=== Exercise aim ===
Please return each record below exactly, with nothing left out.

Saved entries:
------------------------------------------------------------
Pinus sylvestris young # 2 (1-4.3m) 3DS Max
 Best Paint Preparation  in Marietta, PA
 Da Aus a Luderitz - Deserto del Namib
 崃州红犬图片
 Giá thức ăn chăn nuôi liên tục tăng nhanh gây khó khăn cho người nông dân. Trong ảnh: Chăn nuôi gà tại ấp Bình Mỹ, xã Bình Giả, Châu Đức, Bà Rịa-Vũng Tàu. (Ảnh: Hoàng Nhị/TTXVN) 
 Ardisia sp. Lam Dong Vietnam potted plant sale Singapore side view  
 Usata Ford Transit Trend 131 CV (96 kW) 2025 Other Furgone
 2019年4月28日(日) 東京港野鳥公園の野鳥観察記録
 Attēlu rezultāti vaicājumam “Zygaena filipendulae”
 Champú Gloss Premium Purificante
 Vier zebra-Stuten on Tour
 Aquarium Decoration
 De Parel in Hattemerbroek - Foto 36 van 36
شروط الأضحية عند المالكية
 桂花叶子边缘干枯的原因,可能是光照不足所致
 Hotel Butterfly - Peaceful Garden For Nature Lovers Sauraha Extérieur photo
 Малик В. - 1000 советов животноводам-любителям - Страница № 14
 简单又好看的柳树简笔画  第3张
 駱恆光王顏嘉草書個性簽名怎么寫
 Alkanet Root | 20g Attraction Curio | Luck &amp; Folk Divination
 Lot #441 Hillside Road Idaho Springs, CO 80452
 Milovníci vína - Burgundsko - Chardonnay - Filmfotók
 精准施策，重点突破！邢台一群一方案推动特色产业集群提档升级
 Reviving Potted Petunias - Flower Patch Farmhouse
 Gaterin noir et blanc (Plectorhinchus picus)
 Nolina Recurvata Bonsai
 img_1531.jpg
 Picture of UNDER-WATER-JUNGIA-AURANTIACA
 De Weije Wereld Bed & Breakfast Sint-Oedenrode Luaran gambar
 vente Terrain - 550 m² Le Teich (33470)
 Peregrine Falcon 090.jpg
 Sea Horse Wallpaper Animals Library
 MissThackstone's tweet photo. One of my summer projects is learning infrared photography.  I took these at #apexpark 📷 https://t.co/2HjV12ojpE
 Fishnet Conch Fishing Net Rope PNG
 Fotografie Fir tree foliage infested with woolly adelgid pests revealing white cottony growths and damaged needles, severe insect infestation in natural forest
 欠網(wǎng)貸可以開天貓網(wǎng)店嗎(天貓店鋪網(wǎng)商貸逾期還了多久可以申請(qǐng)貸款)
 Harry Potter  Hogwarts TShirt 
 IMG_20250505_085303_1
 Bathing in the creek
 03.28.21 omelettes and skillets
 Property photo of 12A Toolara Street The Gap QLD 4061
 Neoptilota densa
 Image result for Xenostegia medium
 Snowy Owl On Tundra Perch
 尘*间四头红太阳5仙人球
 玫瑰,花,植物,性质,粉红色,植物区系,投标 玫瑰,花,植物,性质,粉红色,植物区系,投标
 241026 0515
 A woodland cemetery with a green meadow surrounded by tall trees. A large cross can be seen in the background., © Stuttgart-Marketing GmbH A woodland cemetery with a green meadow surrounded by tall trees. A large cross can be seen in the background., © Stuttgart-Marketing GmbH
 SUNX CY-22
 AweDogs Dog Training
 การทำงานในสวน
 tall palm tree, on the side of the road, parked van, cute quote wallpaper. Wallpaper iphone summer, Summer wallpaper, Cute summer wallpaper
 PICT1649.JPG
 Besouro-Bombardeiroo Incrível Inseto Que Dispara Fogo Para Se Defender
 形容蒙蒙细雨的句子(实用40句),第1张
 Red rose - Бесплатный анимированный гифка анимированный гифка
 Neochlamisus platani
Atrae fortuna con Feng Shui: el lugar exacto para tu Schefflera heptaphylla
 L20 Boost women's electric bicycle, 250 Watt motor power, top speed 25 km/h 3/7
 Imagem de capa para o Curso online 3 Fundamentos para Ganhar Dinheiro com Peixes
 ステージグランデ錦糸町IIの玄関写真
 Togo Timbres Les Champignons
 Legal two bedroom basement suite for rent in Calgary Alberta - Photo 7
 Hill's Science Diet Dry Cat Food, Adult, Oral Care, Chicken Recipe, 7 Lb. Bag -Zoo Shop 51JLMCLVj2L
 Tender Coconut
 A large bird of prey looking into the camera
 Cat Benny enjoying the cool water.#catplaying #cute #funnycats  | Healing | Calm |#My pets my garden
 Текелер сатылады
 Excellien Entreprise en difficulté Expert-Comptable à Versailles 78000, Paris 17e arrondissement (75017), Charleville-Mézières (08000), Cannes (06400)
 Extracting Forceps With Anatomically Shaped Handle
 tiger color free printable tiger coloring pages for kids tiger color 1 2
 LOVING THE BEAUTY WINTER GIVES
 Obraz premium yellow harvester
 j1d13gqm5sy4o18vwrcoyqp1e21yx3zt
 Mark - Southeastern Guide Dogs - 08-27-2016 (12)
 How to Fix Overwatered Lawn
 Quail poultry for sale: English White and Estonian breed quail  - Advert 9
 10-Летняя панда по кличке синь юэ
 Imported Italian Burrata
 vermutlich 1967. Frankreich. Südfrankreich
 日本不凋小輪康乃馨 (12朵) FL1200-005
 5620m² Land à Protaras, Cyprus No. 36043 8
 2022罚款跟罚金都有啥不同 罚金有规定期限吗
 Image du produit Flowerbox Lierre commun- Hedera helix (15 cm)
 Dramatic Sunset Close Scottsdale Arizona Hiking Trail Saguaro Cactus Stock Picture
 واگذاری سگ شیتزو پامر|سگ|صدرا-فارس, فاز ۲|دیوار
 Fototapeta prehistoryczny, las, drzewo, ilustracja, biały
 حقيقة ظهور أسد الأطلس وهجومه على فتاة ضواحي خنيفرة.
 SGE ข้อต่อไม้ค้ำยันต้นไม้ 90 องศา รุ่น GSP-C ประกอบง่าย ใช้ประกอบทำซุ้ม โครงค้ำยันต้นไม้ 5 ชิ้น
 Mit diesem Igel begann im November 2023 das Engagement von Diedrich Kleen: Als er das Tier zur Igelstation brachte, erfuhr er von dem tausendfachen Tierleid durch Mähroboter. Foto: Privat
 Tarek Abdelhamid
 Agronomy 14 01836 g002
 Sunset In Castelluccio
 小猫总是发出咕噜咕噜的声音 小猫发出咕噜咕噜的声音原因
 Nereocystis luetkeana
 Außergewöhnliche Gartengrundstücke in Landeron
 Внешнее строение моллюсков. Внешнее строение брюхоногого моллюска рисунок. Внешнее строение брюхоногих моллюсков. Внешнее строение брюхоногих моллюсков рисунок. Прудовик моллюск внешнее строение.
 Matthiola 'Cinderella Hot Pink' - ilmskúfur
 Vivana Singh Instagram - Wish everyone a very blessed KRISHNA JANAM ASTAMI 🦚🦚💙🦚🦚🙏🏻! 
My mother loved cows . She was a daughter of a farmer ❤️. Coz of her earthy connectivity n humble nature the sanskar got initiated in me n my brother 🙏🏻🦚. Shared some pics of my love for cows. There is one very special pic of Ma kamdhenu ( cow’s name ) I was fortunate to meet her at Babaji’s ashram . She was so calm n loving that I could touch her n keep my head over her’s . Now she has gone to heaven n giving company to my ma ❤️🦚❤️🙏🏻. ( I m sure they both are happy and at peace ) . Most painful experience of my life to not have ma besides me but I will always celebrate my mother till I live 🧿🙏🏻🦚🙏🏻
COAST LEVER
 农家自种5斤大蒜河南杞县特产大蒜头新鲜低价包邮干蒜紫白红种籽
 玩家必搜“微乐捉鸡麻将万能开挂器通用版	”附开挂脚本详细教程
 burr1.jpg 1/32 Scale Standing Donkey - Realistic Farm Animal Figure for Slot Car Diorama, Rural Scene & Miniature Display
------------------------------------------------------------
=== Answer for the task ===
Pinus sylvestris young # 2 (1-4.3m) 3DS Max
 Best Paint Preparation  in Marietta, PA
 Da Aus a Luderitz - Deserto del Namib
 崃州红犬图片
 Giá thức ăn chăn nuôi liên tục tăng nhanh gây khó khăn cho người nông dân. Trong ảnh: Chăn nuôi gà tại ấp Bình Mỹ, xã Bình Giả, Châu Đức, Bà Rịa-Vũng Tàu. (Ảnh: Hoàng Nhị/TTXVN) 
 Ardisia sp. Lam Dong Vietnam potted plant sale Singapore side view  
 Usata Ford Transit Trend 131 CV (96 kW) 2025 Other Furgone
 2019年4月28日(日) 東京港野鳥公園の野鳥観察記録
 Attēlu rezultāti vaicājumam “Zygaena filipendulae”
 Champú Gloss Premium Purificante
 Vier zebra-Stuten on Tour
 Aquarium Decoration
 De Parel in Hattemerbroek - Foto 36 van 36
شروط الأضحية عند المالكية
 桂花叶子边缘干枯的原因,可能是光照不足所致
 Hotel Butterfly - Peaceful Garden For Nature Lovers Sauraha Extérieur photo
 Малик В. - 1000 советов животноводам-любителям - Страница № 14
 简单又好看的柳树简笔画  第3张
 駱恆光王顏嘉草書個性簽名怎么寫
 Alkanet Root | 20g Attraction Curio | Luck &amp; Folk Divination
 Lot #441 Hillside Road Idaho Springs, CO 80452
 Milovníci vína - Burgundsko - Chardonnay - Filmfotók
 精准施策，重点突破！邢台一群一方案推动特色产业集群提档升级
 Reviving Potted Petunias - Flower Patch Farmhouse
 Gaterin noir et blanc (Plectorhinchus picus)
 Nolina Recurvata Bonsai
 img_1531.jpg
 Picture of UNDER-WATER-JUNGIA-AURANTIACA
 De Weije Wereld Bed & Breakfast Sint-Oedenrode Luaran gambar
 vente Terrain - 550 m² Le Teich (33470)
 Peregrine Falcon 090.jpg
 Sea Horse Wallpaper Animals Library
 MissThackstone's tweet photo. One of my summer projects is learning infrared photography.  I took these at #apexpark 📷 https://t.co/2HjV12ojpE
 Fishnet Conch Fishing Net Rope PNG
 Fotografie Fir tree foliage infested with woolly adelgid pests revealing white cottony growths and damaged needles, severe insect infestation in natural forest
 欠網(wǎng)貸可以開天貓網(wǎng)店嗎(天貓店鋪網(wǎng)商貸逾期還了多久可以申請(qǐng)貸款)
 Harry Potter  Hogwarts TShirt 
 IMG_20250505_085303_1
 Bathing in the creek
 03.28.21 omelettes and skillets
 Property photo of 12A Toolara Street The Gap QLD 4061
 Neoptilota densa
 Image result for Xenostegia medium
 Snowy Owl On Tundra Perch
 尘*间四头红太阳5仙人球
 玫瑰,花,植物,性质,粉红色,植物区系,投标 玫瑰,花,植物,性质,粉红色,植物区系,投标
 241026 0515
 A woodland cemetery with a green meadow surrounded by tall trees. A large cross can be seen in the background., © Stuttgart-Marketing GmbH A woodland cemetery with a green meadow surrounded by tall trees. A large cross can be seen in the background., © Stuttgart-Marketing GmbH
 SUNX CY-22
 AweDogs Dog Training
 การทำงานในสวน
 tall palm tree, on the side of the road, parked van, cute quote wallpaper. Wallpaper iphone summer, Summer wallpaper, Cute summer wallpaper
 PICT1649.JPG
 Besouro-Bombardeiroo Incrível Inseto Que Dispara Fogo Para Se Defender
 形容蒙蒙细雨的句子(实用40句),第1张
 Red rose - Бесплатный анимированный гифка анимированный гифка
 Neochlamisus platani
Atrae fortuna con Feng Shui: el lugar exacto para tu Schefflera heptaphylla
 L20 Boost women's electric bicycle, 250 Watt motor power, top speed 25 km/h 3/7
 Imagem de capa para o Curso online 3 Fundamentos para Ganhar Dinheiro com Peixes
 ステージグランデ錦糸町IIの玄関写真
 Togo Timbres Les Champignons
 Legal two bedroom basement suite for rent in Calgary Alberta - Photo 7
 Hill's Science Diet Dry Cat Food, Adult, Oral Care, Chicken Recipe, 7 Lb. Bag -Zoo Shop 51JLMCLVj2L
 Tender Coconut
 A large bird of prey looking into the camera
 Cat Benny enjoying the cool water.#catplaying #cute #funnycats  | Healing | Calm |#My pets my garden
 Текелер сатылады
 Excellien Entreprise en difficulté Expert-Comptable à Versailles 78000, Paris 17e arrondissement (75017), Charleville-Mézières (08000), Cannes (06400)
 Extracting Forceps With Anatomically Shaped Handle
 tiger color free printable tiger coloring pages for kids tiger color 1 2
 LOVING THE BEAUTY WINTER GIVES
 Obraz premium yellow harvester
 j1d13gqm5sy4o18vwrcoyqp1e21yx3zt
 Mark - Southeastern Guide Dogs - 08-27-2016 (12)
 How to Fix Overwatered Lawn
 Quail poultry for sale: English White and Estonian breed quail  - Advert 9
 10-Летняя панда по кличке синь юэ
 Imported Italian Burrata
 vermutlich 1967. Frankreich. Südfrankreich
 日本不凋小輪康乃馨 (12朵) FL1200-005
 5620m² Land à Protaras, Cyprus No. 36043 8
 2022罚款跟罚金都有啥不同 罚金有规定期限吗
 Image du produit Flowerbox Lierre commun- Hedera helix (15 cm)
 Dramatic Sunset Close Scottsdale Arizona Hiking Trail Saguaro Cactus Stock Picture
 واگذاری سگ شیتزو پامر|سگ|صدرا-فارس, فاز ۲|دیوار
 Fototapeta prehistoryczny, las, drzewo, ilustracja, biały
 حقيقة ظهور أسد الأطلس وهجومه على فتاة ضواحي خنيفرة.
 SGE ข้อต่อไม้ค้ำยันต้นไม้ 90 องศา รุ่น GSP-C ประกอบง่าย ใช้ประกอบทำซุ้ม โครงค้ำยันต้นไม้ 5 ชิ้น
 Mit diesem Igel begann im November 2023 das Engagement von Diedrich Kleen: Als er das Tier zur Igelstation brachte, erfuhr er von dem tausendfachen Tierleid durch Mähroboter. Foto: Privat
 Tarek Abdelhamid
 Agronomy 14 01836 g002
 Sunset In Castelluccio
 小猫总是发出咕噜咕噜的声音 小猫发出咕噜咕噜的声音原因
 Nereocystis luetkeana
 Außergewöhnliche Gartengrundstücke in Landeron
 Внешнее строение моллюсков. Внешнее строение брюхоногого моллюска рисунок. Внешнее строение брюхоногих моллюсков. Внешнее строение брюхоногих моллюсков рисунок. Прудовик моллюск внешнее строение.
 Matthiola 'Cinderella Hot Pink' - ilmskúfur
 Vivana Singh Instagram - Wish everyone a very blessed KRISHNA JANAM ASTAMI 🦚🦚💙🦚🦚🙏🏻! 
My mother loved cows . She was a daughter of a farmer ❤️. Coz of her earthy connectivity n humble nature the sanskar got initiated in me n my brother 🙏🏻🦚. Shared some pics of my love for cows. There is one very special pic of Ma kamdhenu ( cow’s name ) I was fortunate to meet her at Babaji’s ashram . She was so calm n loving that I could touch her n keep my head over her’s . Now she has gone to heaven n giving company to my ma ❤️🦚❤️🙏🏻. ( I m sure they both are happy and at peace ) . Most painful experience of my life to not have ma besides me but I will always celebrate my mother till I live 🧿🙏🏻🦚🙏🏻
COAST LEVER
 农家自种5斤大蒜河南杞县特产大蒜头新鲜低价包邮干蒜紫白红种籽
 玩家必搜“微乐捉鸡麻将万能开挂器通用版	”附开挂脚本详细教程
 burr1.jpg 1/32 Scale Standing Donkey - Realistic Farm Animal Figure for Slot Car Diorama, Rural Scene & Miniature Display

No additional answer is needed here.